Championed by Grace Coddington, Céline and Hermès, we chart the rise of the green leaf in fashion
Flowers make plenty of appearances in fashion imagery. Lesser known or celebrated is the green leaf. These striking images of Grace Coddington were taken by Antonio Lopez in 1975 and are currently part of a new exhbition curated by Coddington for Paddle 8 entitled No Clothes. On sale through to May 16, the sale features 35 nude works.
The Coddington/Lopez/palm leaf image is not dissimilar to the autumn/winter 2011 Céline campaign photographed by Juergen Teller. Phoebe Philo and Teller's campaigns for the house have always garnered attention for their standout props, including skateboards, cherry blossom and the aforementioned green foliage, as these simple yet often unusual and unexpected inclusions always provide a modern backdrop rather than fighting for the attention. This season, Philo has demonstrated her continued interest in the green leaf, featuring plants at her autumn/winter 2014 show and installing indoor plants at her new Mount Street London store.
In botanical terms, a leaf is an organ of a vascular plant. Typically they are thin, flattened organs borne above ground and specialised for photosynthesis, but many types of leaves have adapted in ways almost unrecognisable in those terms; some are not flat (for example many succulent leaves and conifers), some grow below ground (such as bulb scales), and some are without major photosynthetic function.
Whilst they don't get as much glory as flowers, there are various interesting references in history and popular culture. For Christians, the first Sunday of Easter is known as Palm Sunday and is a reminder of Jesus Christ’s triumphal entry into Jerusalem to celebrate the Passover, when he rode on a donkey over scattered palm branches. The palm branch was the emblem of Judea and appeared on the coins of the land, symbolizing one of the country’s riches. When Jesus entered Jerusalem, the trees were in bloom, so in covering the way with palm branches, the people were offering a symbol of great value and luxury. But palms were a symbol of necessity, too. To the Jews, palm branches represented a gift from God because of their many uses in the people’s lives. The palm was so important that when countries in the area went to war, they cut away the enemy’s palm branches, causing their enemy to suffer from the loss of food and other necessities.

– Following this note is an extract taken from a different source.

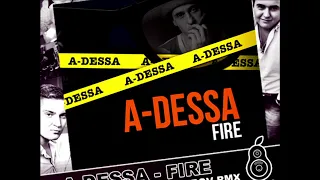 A-Dessa - Fire (нет Вай-Фая) [реверберация]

Greek mythology also features the famous laurel wreaths, and the French Post-Impressionist painter Henri Rousseau's works featured luscious green plants.
In the autumn/winter 2012 issue of AnOther Magazine, two shoots featured green leaves – Sarah Burton's Alexander McQueen collection was photographed amid the lush foliage of the Kew Gardens conservatories and Cathy Edwards and Martina Hoogland Ivanow's surrealist story featured girls and house plants eerily and exquisitely intertwined.
For the spring/summer 2013 issue of AnOther Magazine, Ben Toms and Robbie Spencer featured beautiful bonsai in their story. For spring/summer 2014, Hermès celebrated the beauty of green leaves, using them as a backdrop for both their womenswear show and their Metamorphosis campaign.
In August 2013, Malaysian artist Tang Chiew Ling debuted her Fashion Leaf project. "I never thought leaves could be so beautiful. Some of them are full of structures, patterns and lines, there are different colours in a leaf, even in withered leaves. So, I applied them into different types of dresses according to the different types of leaves," she explained.
Of course, the best way to celebrate the beauty of green leaves is to invest in one or a selection of house plants. As well as looking chic, they also have been proven to remove harmful contaminants carried in the air.